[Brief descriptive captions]
▽
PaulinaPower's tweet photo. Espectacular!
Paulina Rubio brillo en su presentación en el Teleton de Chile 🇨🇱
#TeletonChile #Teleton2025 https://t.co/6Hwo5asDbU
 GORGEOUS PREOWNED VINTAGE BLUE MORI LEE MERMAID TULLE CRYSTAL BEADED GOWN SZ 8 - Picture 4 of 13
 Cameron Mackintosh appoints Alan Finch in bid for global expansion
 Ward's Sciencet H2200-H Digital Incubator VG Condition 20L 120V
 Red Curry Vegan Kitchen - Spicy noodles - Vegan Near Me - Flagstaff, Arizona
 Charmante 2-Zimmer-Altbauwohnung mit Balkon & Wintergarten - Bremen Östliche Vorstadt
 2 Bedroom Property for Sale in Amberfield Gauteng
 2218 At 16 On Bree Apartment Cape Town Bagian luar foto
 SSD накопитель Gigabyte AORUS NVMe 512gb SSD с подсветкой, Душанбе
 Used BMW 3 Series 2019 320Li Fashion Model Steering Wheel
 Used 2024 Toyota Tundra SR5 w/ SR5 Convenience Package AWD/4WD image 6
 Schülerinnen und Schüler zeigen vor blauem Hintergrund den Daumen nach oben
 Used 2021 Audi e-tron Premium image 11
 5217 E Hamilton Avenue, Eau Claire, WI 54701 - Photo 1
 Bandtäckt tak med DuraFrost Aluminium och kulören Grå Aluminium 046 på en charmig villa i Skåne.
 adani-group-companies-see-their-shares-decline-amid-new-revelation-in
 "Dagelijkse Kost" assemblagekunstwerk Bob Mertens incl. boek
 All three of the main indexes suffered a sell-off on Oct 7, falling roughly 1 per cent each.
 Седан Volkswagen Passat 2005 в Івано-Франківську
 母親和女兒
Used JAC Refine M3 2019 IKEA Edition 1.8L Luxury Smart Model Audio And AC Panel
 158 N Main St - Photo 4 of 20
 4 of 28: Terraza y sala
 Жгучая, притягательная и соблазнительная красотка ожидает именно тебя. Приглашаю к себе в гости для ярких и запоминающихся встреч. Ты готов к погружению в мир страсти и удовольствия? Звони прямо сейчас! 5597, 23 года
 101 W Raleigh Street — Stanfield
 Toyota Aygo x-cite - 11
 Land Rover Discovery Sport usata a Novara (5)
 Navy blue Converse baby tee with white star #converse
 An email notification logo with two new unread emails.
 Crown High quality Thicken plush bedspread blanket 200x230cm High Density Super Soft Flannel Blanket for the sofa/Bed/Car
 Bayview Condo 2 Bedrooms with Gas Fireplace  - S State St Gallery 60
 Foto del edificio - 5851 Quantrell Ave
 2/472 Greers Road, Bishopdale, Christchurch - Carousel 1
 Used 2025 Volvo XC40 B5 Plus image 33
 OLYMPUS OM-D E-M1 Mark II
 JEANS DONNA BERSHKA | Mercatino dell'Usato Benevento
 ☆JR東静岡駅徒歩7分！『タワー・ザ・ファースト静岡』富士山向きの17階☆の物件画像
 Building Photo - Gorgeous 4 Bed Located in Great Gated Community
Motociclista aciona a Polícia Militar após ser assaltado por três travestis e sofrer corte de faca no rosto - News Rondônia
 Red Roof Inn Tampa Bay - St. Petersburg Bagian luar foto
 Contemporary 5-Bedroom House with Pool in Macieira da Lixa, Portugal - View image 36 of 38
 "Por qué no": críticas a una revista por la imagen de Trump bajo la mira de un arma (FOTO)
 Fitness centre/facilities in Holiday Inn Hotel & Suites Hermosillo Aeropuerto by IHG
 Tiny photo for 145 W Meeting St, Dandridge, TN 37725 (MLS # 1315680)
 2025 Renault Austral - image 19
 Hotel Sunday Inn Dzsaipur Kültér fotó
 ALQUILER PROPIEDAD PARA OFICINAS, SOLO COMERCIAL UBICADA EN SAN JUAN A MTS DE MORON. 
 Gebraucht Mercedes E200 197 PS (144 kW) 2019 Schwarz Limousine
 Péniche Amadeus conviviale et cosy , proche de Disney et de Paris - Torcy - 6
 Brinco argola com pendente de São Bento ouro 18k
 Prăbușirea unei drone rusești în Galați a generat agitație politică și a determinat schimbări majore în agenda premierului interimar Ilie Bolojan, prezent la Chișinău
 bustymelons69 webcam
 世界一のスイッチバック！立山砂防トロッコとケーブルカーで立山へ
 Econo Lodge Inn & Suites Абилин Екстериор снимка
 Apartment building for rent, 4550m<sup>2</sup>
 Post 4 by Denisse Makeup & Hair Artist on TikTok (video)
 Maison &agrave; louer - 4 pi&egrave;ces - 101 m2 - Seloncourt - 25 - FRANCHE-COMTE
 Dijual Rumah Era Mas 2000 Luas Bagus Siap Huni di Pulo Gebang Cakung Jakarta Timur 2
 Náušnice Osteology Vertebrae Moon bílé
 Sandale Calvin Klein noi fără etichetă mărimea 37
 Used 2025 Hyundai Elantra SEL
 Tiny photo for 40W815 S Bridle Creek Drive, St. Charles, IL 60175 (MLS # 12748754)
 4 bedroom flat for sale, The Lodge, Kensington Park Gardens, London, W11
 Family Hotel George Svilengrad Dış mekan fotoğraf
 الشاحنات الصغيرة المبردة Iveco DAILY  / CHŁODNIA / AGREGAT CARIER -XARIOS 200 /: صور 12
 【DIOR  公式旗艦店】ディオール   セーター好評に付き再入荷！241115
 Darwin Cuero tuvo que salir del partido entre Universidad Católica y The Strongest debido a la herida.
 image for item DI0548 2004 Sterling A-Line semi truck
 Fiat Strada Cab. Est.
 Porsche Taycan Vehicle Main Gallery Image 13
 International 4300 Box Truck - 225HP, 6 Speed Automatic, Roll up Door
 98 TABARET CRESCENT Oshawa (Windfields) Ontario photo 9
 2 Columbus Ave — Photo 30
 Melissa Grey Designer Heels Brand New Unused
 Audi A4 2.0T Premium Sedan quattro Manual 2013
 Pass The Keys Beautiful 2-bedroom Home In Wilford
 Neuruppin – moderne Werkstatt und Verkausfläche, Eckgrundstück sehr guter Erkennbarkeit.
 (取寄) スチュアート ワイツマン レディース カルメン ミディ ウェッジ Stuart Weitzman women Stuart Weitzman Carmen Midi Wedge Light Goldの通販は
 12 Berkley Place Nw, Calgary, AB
△
#### [PROBLEM]
Could you retype exactly the lines from the one containing "Econo Lodge Inn" through the final line of the data above, and no others?

#### [TASK RESULT]
 Econo Lodge Inn & Suites Абилин Екстериор снимка
 Apartment building for rent, 4550m<sup>2</sup>
 Post 4 by Denisse Makeup & Hair Artist on TikTok (video)
 Maison &agrave; louer - 4 pi&egrave;ces - 101 m2 - Seloncourt - 25 - FRANCHE-COMTE
 Dijual Rumah Era Mas 2000 Luas Bagus Siap Huni di Pulo Gebang Cakung Jakarta Timur 2
 Náušnice Osteology Vertebrae Moon bílé
 Sandale Calvin Klein noi fără etichetă mărimea 37
 Used 2025 Hyundai Elantra SEL
 Tiny photo for 40W815 S Bridle Creek Drive, St. Charles, IL 60175 (MLS # 12748754)
 4 bedroom flat for sale, The Lodge, Kensington Park Gardens, London, W11
 Family Hotel George Svilengrad Dış mekan fotoğraf
 الشاحنات الصغيرة المبردة Iveco DAILY  / CHŁODNIA / AGREGAT CARIER -XARIOS 200 /: صور 12
 【DIOR  公式旗艦店】ディオール   セーター好評に付き再入荷！241115
 Darwin Cuero tuvo que salir del partido entre Universidad Católica y The Strongest debido a la herida.
 image for item DI0548 2004 Sterling A-Line semi truck
 Fiat Strada Cab. Est.
 Porsche Taycan Vehicle Main Gallery Image 13
 International 4300 Box Truck - 225HP, 6 Speed Automatic, Roll up Door
 98 TABARET CRESCENT Oshawa (Windfields) Ontario photo 9
 2 Columbus Ave — Photo 30
 Melissa Grey Designer Heels Brand New Unused
 Audi A4 2.0T Premium Sedan quattro Manual 2013
 Pass The Keys Beautiful 2-bedroom Home In Wilford
 Neuruppin – moderne Werkstatt und Verkausfläche, Eckgrundstück sehr guter Erkennbarkeit.
 (取寄) スチュアート ワイツマン レディース カルメン ミディ ウェッジ Stuart Weitzman women Stuart Weitzman Carmen Midi Wedge Light Goldの通販は
 12 Berkley Place Nw, Calgary, AB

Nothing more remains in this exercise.